December 02, 2016
Looking back on November, it's a great time to talk about predictability and certainty. November was a month that saw many of October's predictions, both in markets and U.S. events, prove erroneous. These were not long term predictions: even in the very short term, predictions of the future were wildly wrong.
One of the characteristics of the human mind is that it overweights recent events in importance: it does not have an averaging ability the way a computer or machine does. If the recent past seems stable, we begin to think that the future will be as well. If the recent past has been turbulent, turbulence is what we expect going forward. Our brains are wired to "drive in the rear view mirror" instead of looking out the front windshield.
But in a complex system, and global events are the ultimate complex system, the recent past will not predict where we are headed. The number of variables and uncertainties is *always* enormous.

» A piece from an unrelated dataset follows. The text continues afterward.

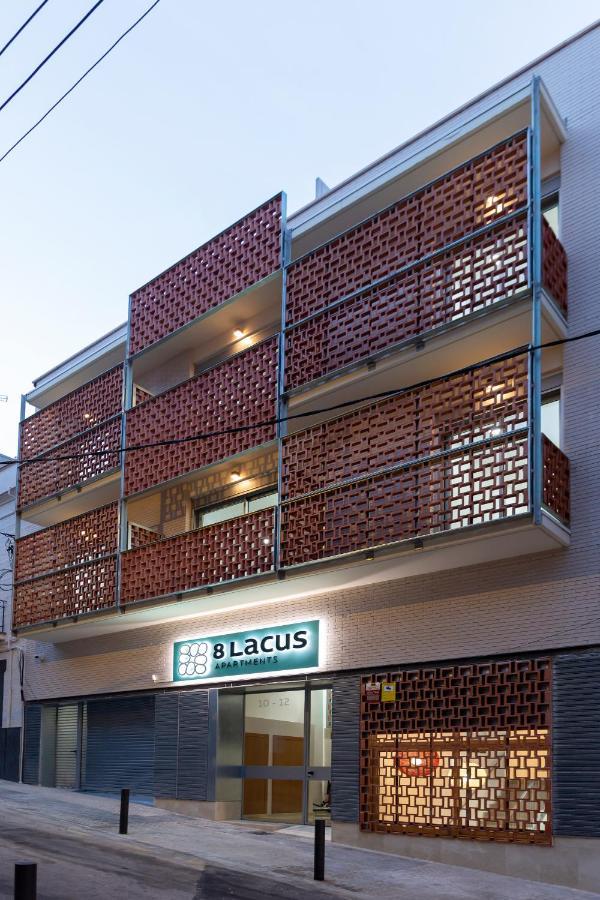8 Lacus L'Hospitalet de Llobregat Exteriör bild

I looked at the 2012 Berkshire Hathaway annual letter, where Warren Buffett writes:
"Of course the immediate future is uncertain: America has faced the unknown since 1776. It's just that sometimes people focus on the myriad of uncertainties that always exist while at other times they ignore them (usually because the recent past has been uneventful)."
Here is an example. This chart shows the S&P 500 over a period of roughly 5 years:
Seems ok, right? Going up, going up and down, nothing too unusual. This is the next few months added on:
These are graphs of the 2008 financial crisis. But right before that huge plunge, prognosticators were saying that bad real estate debt was contained to a small group of high risk pools, and the risk had been priced in. Except, in a hugely complex system, variables started to interact in ways no one expected, and a "black swan" (or low probability but large impact) event occurred.
The takeaway for now, as it relates to today: everyone is talking about how uncertain 2017 is looking. But the important thing for you to remember as an investor is that those statements regarding future uncertainty and unpredictability will *always* be true.